VALIDATE_DATA section:

similar to TRAIN_DATA section. Usually set augment=false, permute=false.

TEST_DATA section:

similar to VALIDATE_DATA section. Only used in mode=test.
If testing with super patches that should be divided in 8x8 sub patches use class_name = TCGASuperpatchBatchDataProvider

TRAINER section:

class_name: currently supported values are (ClassifierTrainer)
set other training configuration values according to user preference, like batch size, learning rate, etc...

TESTER section:

class_name:
ClassifierTesterExternalInput : if providing external input and not using a dataprovider (i.e. test data provider class name is set to 'None') and expected output is probability. [Typically run using NNFramework_TF_external_call/external_model.py]

ClassifierTesterExternalInputBinaryOutput : if providing external input and not using a dataprovider (i.e. test data provider class name is set to 'None') and expected output is thresholded probability (i.e. binary) and set the threshold. [Typically run using NNFramework_TF_external_call/external_model.py]

ClassifierTesterSuperpatchBatch: Use with large patches that are further divided in sub-patches. Each row in the output will have the results of all the sub patches. Set batch_size =1 [Typically run using NNFramework_TF_external_call/external_train.py]

ClassifierTesterBatch: Use otherwise [Typically run using NNFramework_TF_external_call/external_train.py]
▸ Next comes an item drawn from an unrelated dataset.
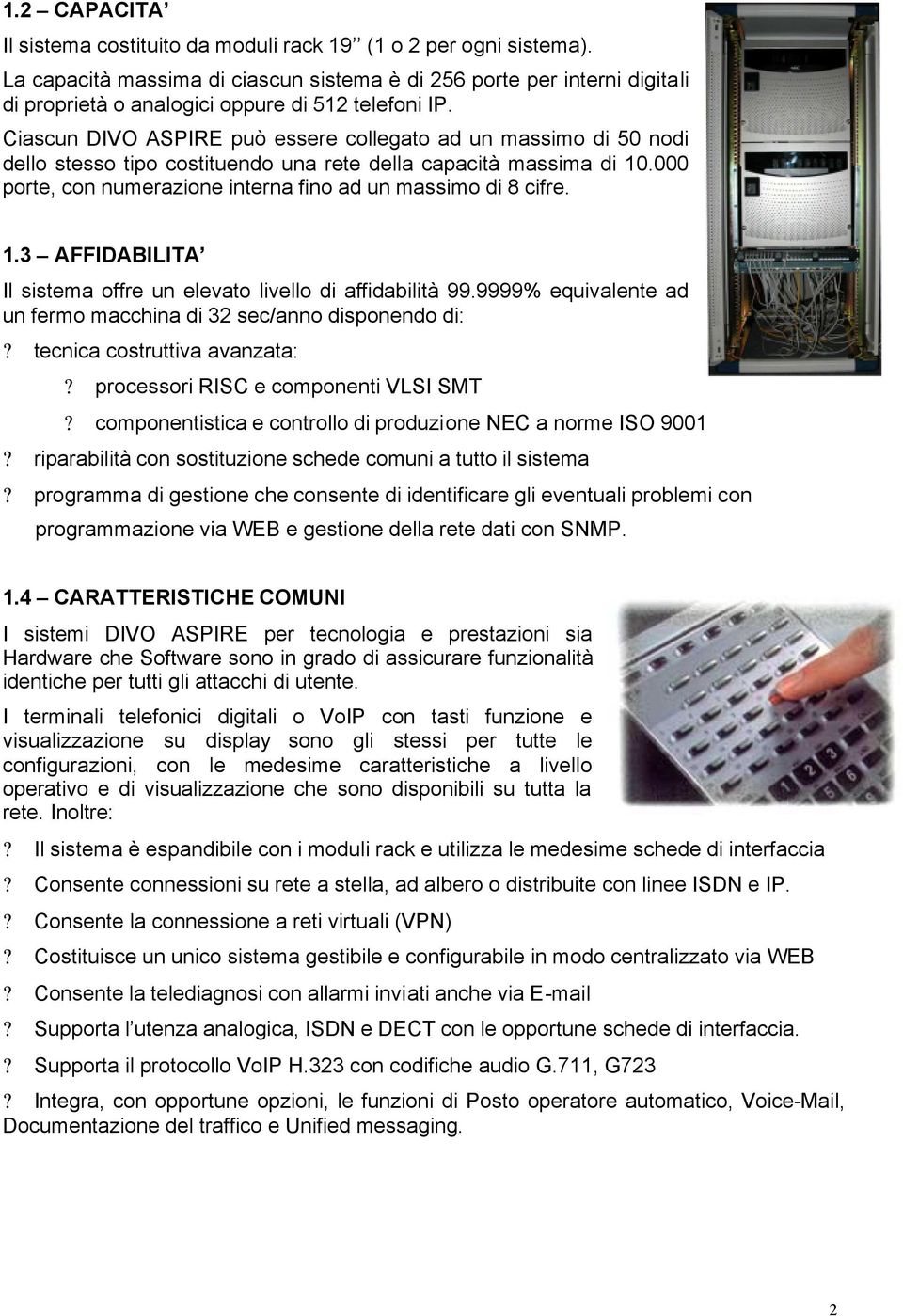 Ciascun DIVO ASPIRE può essere collegato ad un massimo di 50 nodi dello stesso tipo costituendo una rete della capacità massima di 10.000 porte, con numerazione interna fino ad un massimo di 8 cifre.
out_dir: the location where test output files will be saved batch_size: desired batch size. Set according to preference and tester class used If testing with super patches that should be divided in sub patches use batch_size =1 threshold: Set according to desired threshold for binary prediction output, default threshold = 0.5

Customization:

To create different classes such as for CNN architecture, dataprovider, trainer, or tester they should be supported by the runner file used to execute the training.
Current supported runner file is: tf_classifier_runner.py
for external input (i.e. not using a data provider) use tf_classifier_runner_external_input.py

Libraries used:

Running command:

To run use a command with the following format:
cd /quip_classification/NNFramework_TF_external_call
python external_train.py < config file full path >

Example:
cd $HOME/quip_classification/NNFramework_TF_external_call
python external_train.py $HOME/NNFramework/config/config_tcga_resnet-101.ini

Running batch jobs with Singularity

To create a writable Singularity container:

Build a sandbox to have a writable container to be able to install scikit-image and any future required libraries:
module load singularity/3.0.0
export SINGULARITY_DOCKER_USERNAME='$oauthtoken'
export SINGULARITY_DOCKER_PASSWORD=< token >
singularity build --sandbox tf-18.11-py3-w docker://nvcr.io/nvidia/tensorflow:18.11-py3

Load and run inside the sandbox Singularity container:

module unload singularity
module load singularity/2.6.1
singularity run --writable --bind $SCRATCH --nv $SCRATCH/containers/tensorflow/tf-18.11-py3-w

cd /home/shahira/NNFramework_TF_external_call
python external_train.py $HOME/NNFramework/config_tcga_resnet-101.ini

external_model.py provides api for running from another application without using a data provider.